Accomplishments: Results for the two grid resolutions, the finer of which involved 5 million computational zones, compared quite well. In particular, the motion of the sabot petals was very nearly the same in both runs. Interesting features of this very dynamic flow could be traced to viscous effects. These features require a viscosity in order to develop, but the similarity of the two runs, in which effective viscosities differ by a factor of 8, indicates that the precise details of the viscosity do not affect these features significantly. A recirculating wedge of air was found to form and to extend to the projectile tip. The angle of this wedge of air was independent of the grid resolution, and hence of the size of the viscosity.
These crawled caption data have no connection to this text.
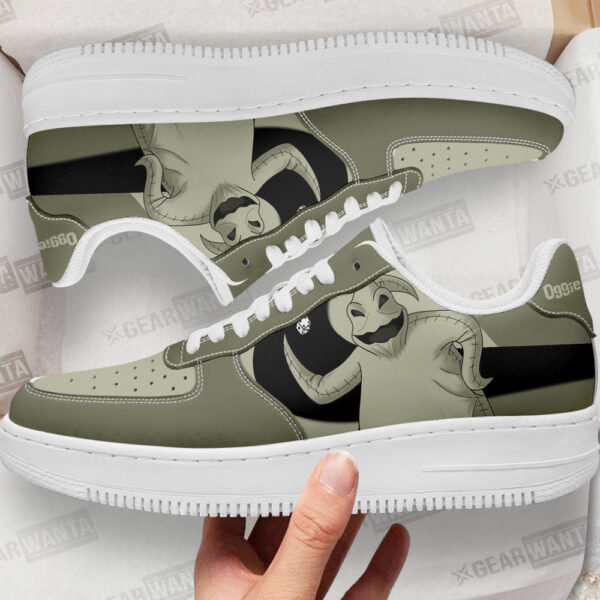 oggie boogie custom cartoon sneakers nbtqb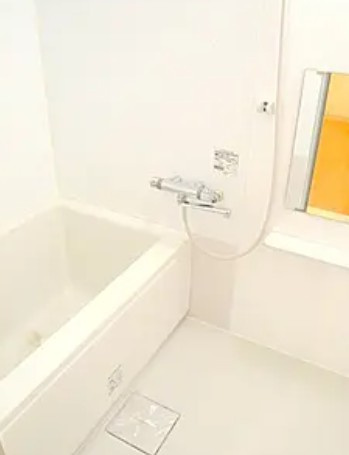 クレアシオン目白通りの浴室|浴室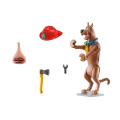 Playmobil Scooby Doo - Συλλεκτική Φιγούρα Scooby "Πυροσβέστης"70712 Playmobil Scooby Doo - Συλλεκτική Φιγούρα Scooby "Πυροσβέστης"70712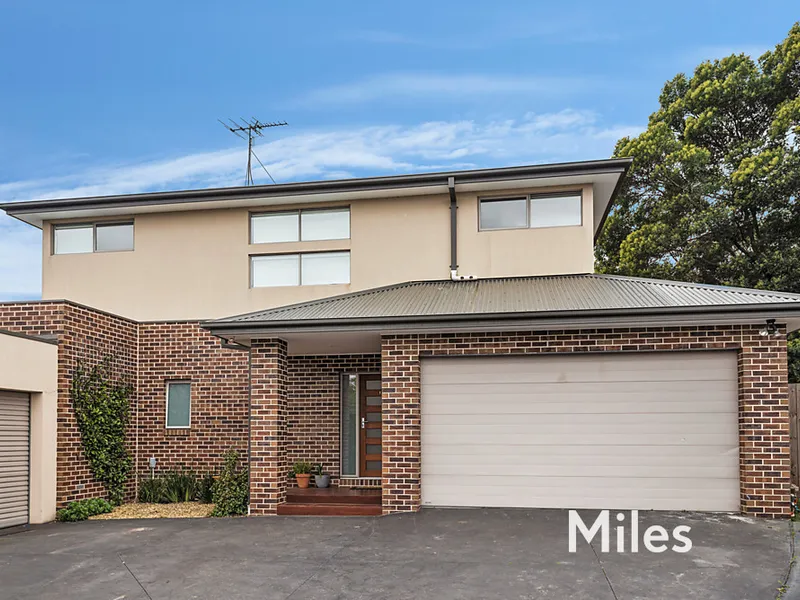 BEAUTIFULLY PRESENTED TOWNHOUSE IN WATSONIA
The opening angle of this wedge of air, and hence the angle of the attached bow shock, appears to be determined by the back pressure set up by the choked air flow in the confined region between the opening sabot petals and the projectile. This phenomenon occurs early in the discard process even in 3-D, as a visit by the Minnesota team to ARL and discussions with experts there revealed. However, in 3-D this phase is very brief, since the back pressure is rapidly relieved as the air escapes between the opening sabot petals. In 2-D, the sabot "petals" are actually slabs, and no such relief of the back pressure is possible until the petals are fairly completely blown away.
Significance: The problem of sabot discard is a true Army "grand challenge." The importance of the problem and the novelty of this experimental approach, which greatly simplifies the treatment of complex projectile and sabot geometry, make this project worth pursuing. In this extremely transient process of sabot discard, it is difficult to see why the details of boundary layer structure should be important. Therefore a highly simplified treatment of these layers should be justified. The computational techniques tested here are applicable to a wide range of problems involving the interaction of supersonic gaseous streams and/or shock waves with movable objects or surfaces. Such problems are of importance to the D.o.E. in the context of weapons effects simulations.
Future Plans: 3-D simulations will be performed to verify that some features of these runs, which are unfamiliar to those involved in 3-D experiments, are strictly 2-D effects.